[KS] Fw: Experience of Han

양상군자 mjm66 at email.byu.edu
Thu Feb 4 17:23:35 EST 1999


This doesn't *directly* relate, but I ran across something interesting a while back.  It was from Douglas R. Hofstadter's _Metamagical Themas_, pp. 185-6.  He is writing about Chopin, but I find the _han_ parallel intriguing.

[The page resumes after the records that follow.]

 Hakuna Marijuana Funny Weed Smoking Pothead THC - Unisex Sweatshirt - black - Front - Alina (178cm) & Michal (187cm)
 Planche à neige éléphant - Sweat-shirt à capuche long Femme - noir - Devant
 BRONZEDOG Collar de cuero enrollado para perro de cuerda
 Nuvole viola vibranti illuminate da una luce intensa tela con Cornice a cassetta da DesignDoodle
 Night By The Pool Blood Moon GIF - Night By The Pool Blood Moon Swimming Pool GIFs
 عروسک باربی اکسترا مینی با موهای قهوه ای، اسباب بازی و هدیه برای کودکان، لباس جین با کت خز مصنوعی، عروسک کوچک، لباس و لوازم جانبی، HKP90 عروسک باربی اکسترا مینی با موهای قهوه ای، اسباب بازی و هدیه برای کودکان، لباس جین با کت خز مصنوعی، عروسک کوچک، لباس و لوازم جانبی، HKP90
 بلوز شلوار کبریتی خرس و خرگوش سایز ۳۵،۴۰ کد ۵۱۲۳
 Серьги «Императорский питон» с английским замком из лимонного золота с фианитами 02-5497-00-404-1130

"The Poles are a people who have learned to distinguish sharply between two concepts of Poland:  Poland the abstract social entity, at whose core are the Polish language and culture, and Poland the concrete geographical entity, the land that the Poles live in.  Navro d polski--the "Polish Nation"--represents a spirit rather than a piece of territory, although of course the nation came into existence because of the bonds between people who lived in a certain region.  It is the fragility of this flickering flame, and the determination to keep it alive, that Chopin's music reflects so purely and poignantly.  There is a certain fusion of bitterness, anger and sadness called  zal [actually, that's a "z" with a dot over it] that is uniquely Polish.  One hears it, to be sure, in the famous mazurkas and polonaises, pieces that Chopin composed in the form of national dances. ... But one hears this burning flame of Poland just as much in many of Chopin's other pieces ... where a ray o!
 f hope bursts through dark visions like a gleam in the gloom.  One hears  zal in the angry, buzzing harmonies of the  Etude in C-sharp minor and the passion of the  Etude in E major.  In fact, Chopin is said to have cried out once, on hearing this piece played in his presence, "O ma patrie!" ("O my homeland!")

Surely this is as equivalent to Korean _han_ as one is ever likely to find, no?